Hi,
Hoping to get some guidance here. Been trying to track down a very very weird problem for months and today I finally ran across a “smoking gun”. Looking to understand what’s happening a little better.
In our company we have a CUCM 8.6 system and make very heavy use of Asterisk for a MeetMe based bridge (among other things.) Since an upgrade to Asterisk 11.5 last summer, been getting sketchy reports of individual callers to the bridge getting “bad quality” audio, isolated to Cisco 7962G phones. (We have all sorts of phones in our fleet, but only the 7962 has this issue.) It’s relatively rare, and I have not been able to reproduce it, but I have personally experienced it. When it does happen, it only affects one conference participant at a time.
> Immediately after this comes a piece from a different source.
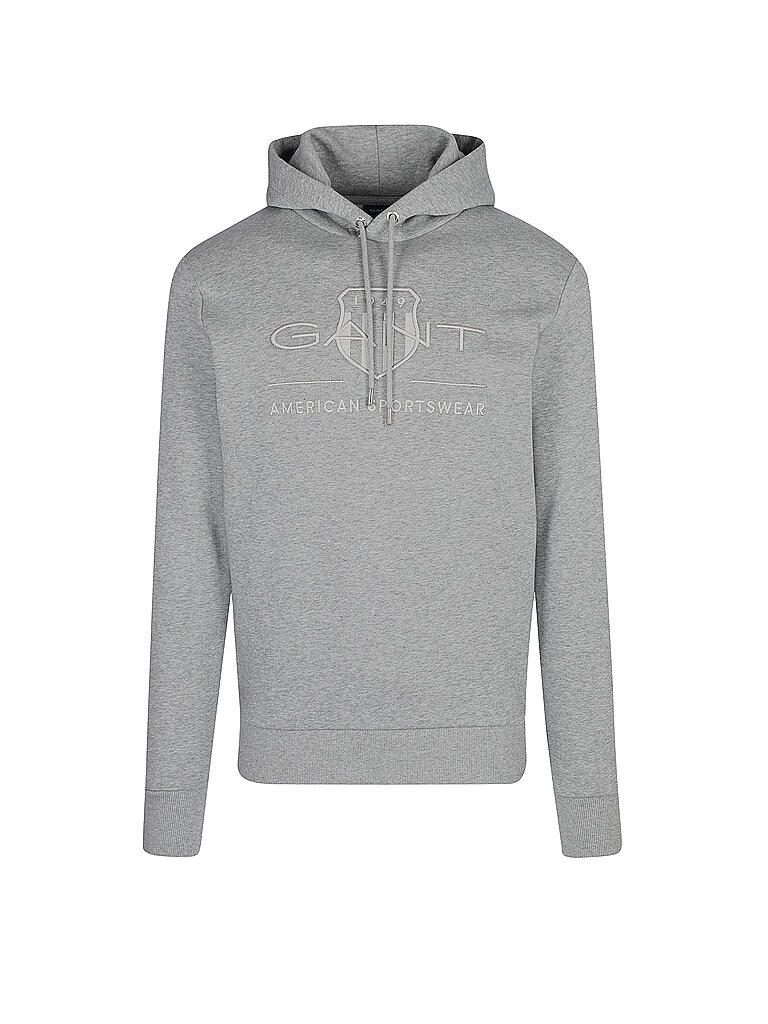 GANT Kapuzensweater - Hoody grau | S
The issue sounds exactly like this–and forgive me for posting a link to Cisco’s forum here :
supportforums.cisco.com/thread/2180971
Pretty weird. Lasts about 90 seconds and goes away, or you can hold/unhold to restart the RTP and it also goes away.
Today, finally captured the network traffic and I see that exactly when this issue starts, there is a “marked” RTP packet in the stream. I’m also missing a number of packets leading up to the marked packet, so it looks just like this issue:
issues.asterisk.org/jira/i#brow … RISK-17952
I have a capture at the phone and also a tcpdump from the server that shows this, so I know it’s coming from the server itself. The capture glitches a little at that point when I play it back using Wireshark, so it appears the 7962 has some particular problem with this marked packet, and basically loses it’s mind for a bit. Other phones seem more resiliant.
In the Asterisk issue 17952, the behavior is listed as “normal” since Asterisk is not the source of the audio and is not the source of the skew leading to the marking.
But…
In this case the source of the RTP is Asterisk MeetMe on that server, so I can’t figure out why Asterisk would suddenly think it’s a good idea to skip some audio. The server definitely knows that something happened, else it would not mark the packet, right?
And no, I don’t think we have issues with server capacity… this HP blade has 24 cores, RHEL 6.4, 256 GB RAM. Typically runs with a load average of 0.2. I’ve synthetically tested the server all the way up to the 512 call DAHDI limit, and tested ConfBridge to a couple of thousand. Normal load is a small fraction of that.
And yes, I do hope to migrate to ConfBridge some day… the problem is that the WebMeetme based portal we use would need totally redone, and time is required.
I thought I would reach out for some guidance while I try to dig through the code.
For now, can anyone point me to where this RTP header is built? Dahdi or Asterisk? Is it rebuilt by the bridge, or is it copied from a source packet?
Any thoughts on this issue would be greatly appreciated.
Thank you!
-Brian